- _Required action_
Reproduce the listing below as it stands. Leave out each image.
::::
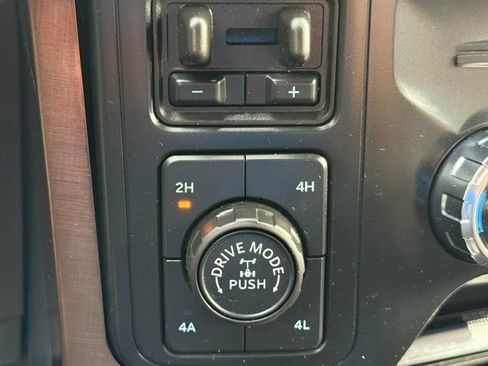 Used 2024 Ford F150 King Ranch w/ FX4 Off-Road Package AWD/4WD image 16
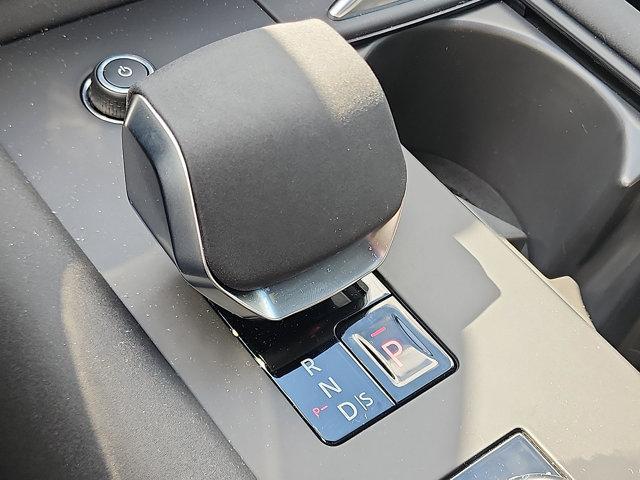 new 2025 Land Rover Discovery car, priced at $65,118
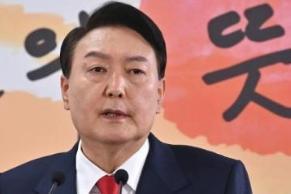 韩媒：尹锡悦最快将于12月4日改组内阁，或更换多名部长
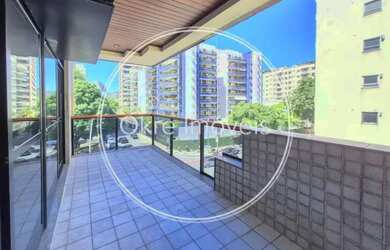 Imagem: O apartamento para alugar possui 2 Dormitórios, 2 Banheiros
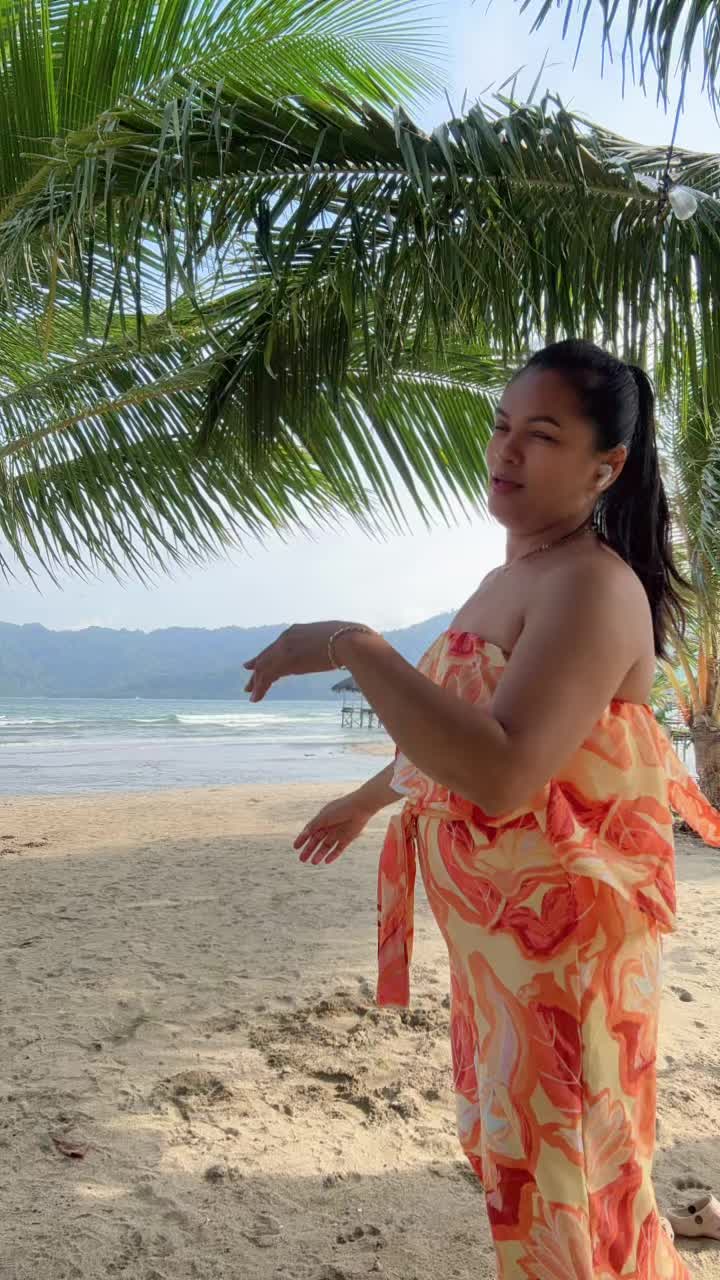 @Lola🧐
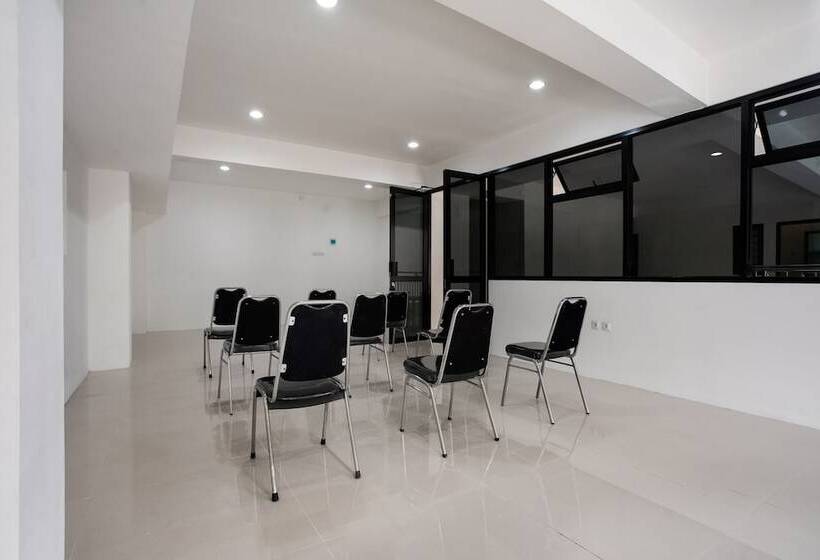 Hotel Capital O 3463 Cimahi Guest House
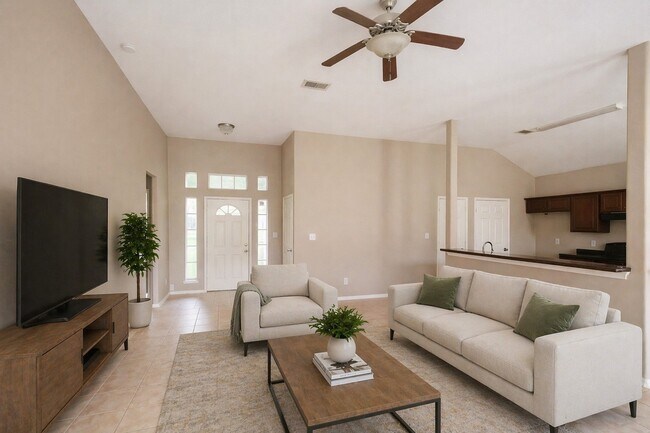Building Photo - 9104 N Green River Dr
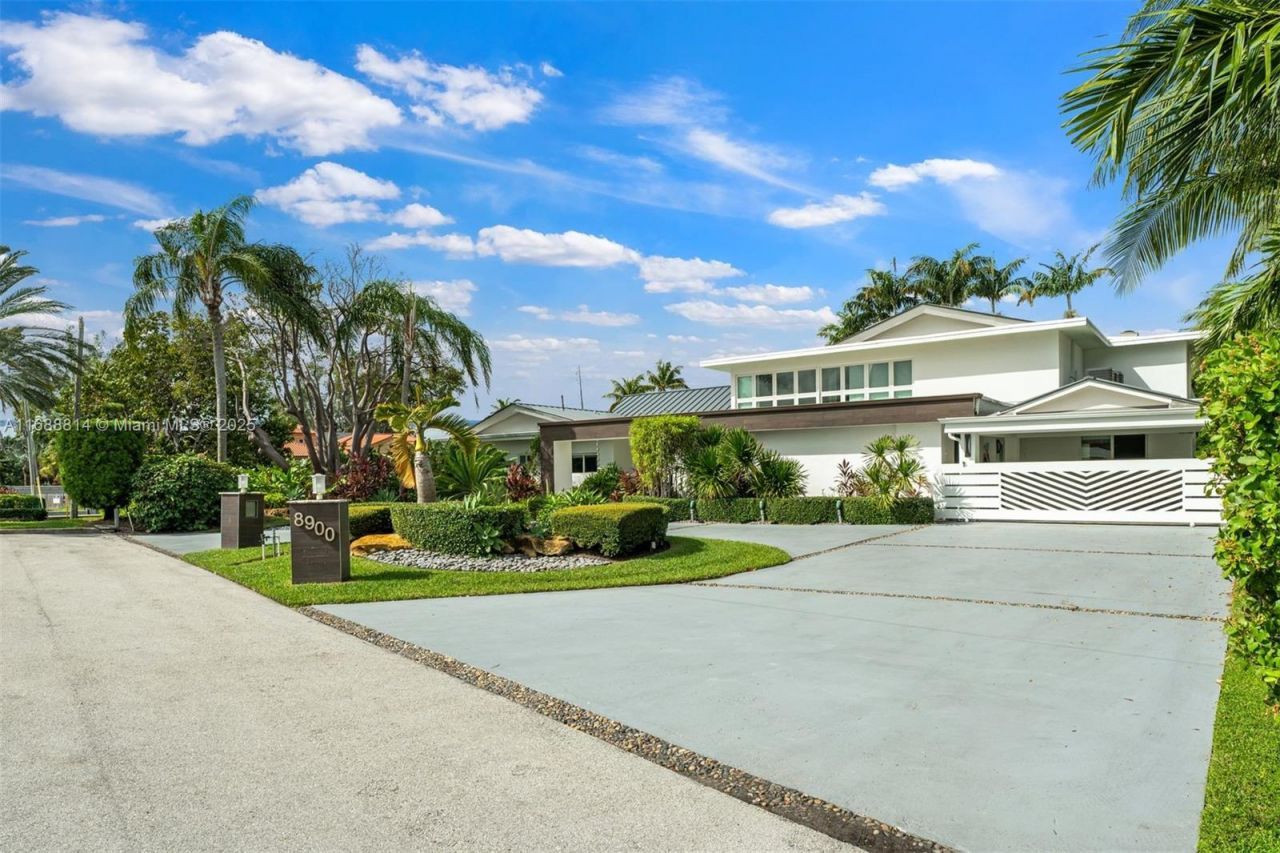 8900 Bay Drive, Surfside, FL 33154 Photo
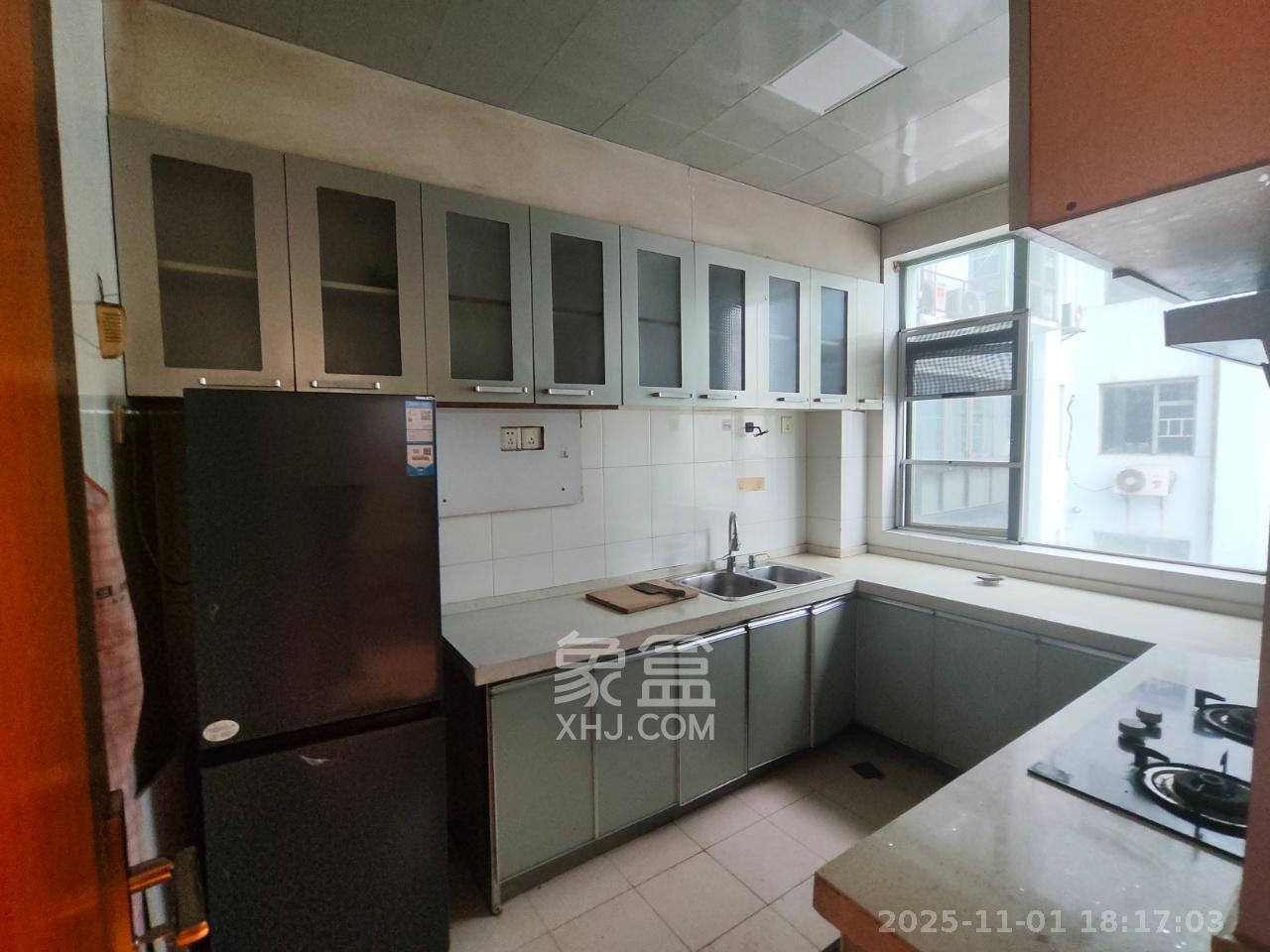 锦绣华天  3室2厅2卫    2700.0元/月室内图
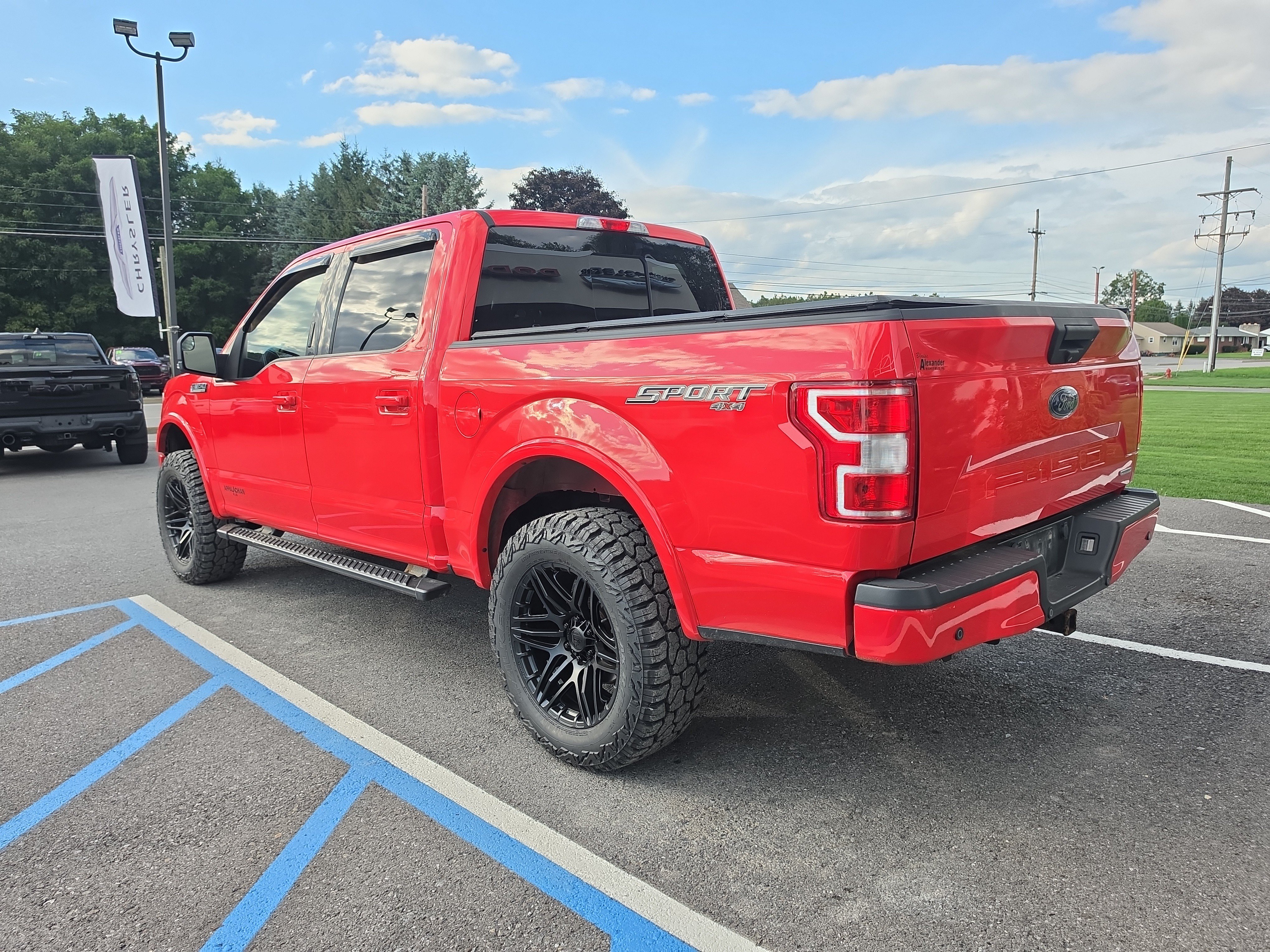 Used 2019 Ford F150 XLT w/ Equipment Group 302A Luxury AWD/4WD image 6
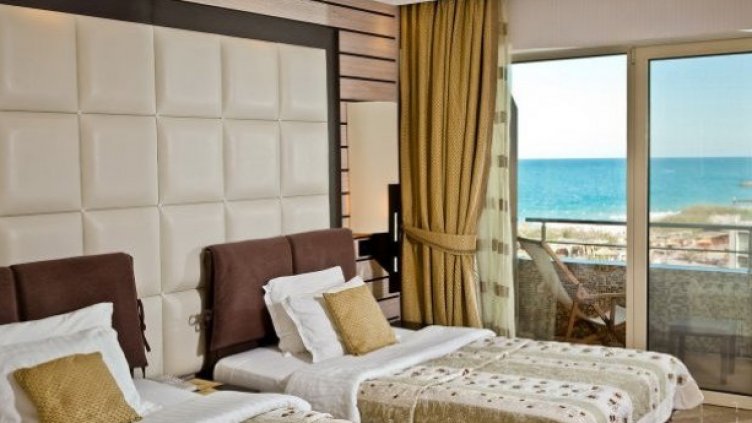 Почти 30 милиона лева приходи за варненските хотели през декември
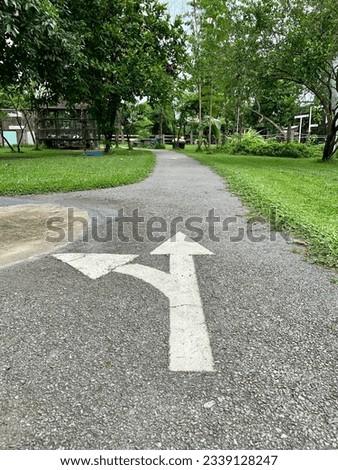 Destination arrow on the path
::::
- _Reply_
 Used 2024 Ford F150 King Ranch w/ FX4 Off-Road Package AWD/4WD image 16
 new 2025 Land Rover Discovery car, priced at $65,118
 韩媒：尹锡悦最快将于12月4日改组内阁，或更换多名部长
 Imagem: O apartamento para alugar possui 2 Dormitórios, 2 Banheiros
 @Lola🧐
 Hotel Capital O 3463 Cimahi Guest House
Building Photo - 9104 N Green River Dr
 8900 Bay Drive, Surfside, FL 33154 Photo
 锦绣华天  3室2厅2卫    2700.0元/月室内图
 Used 2019 Ford F150 XLT w/ Equipment Group 302A Luxury AWD/4WD image 6
 Почти 30 милиона лева приходи за варненските хотели през декември
 Destination arrow on the path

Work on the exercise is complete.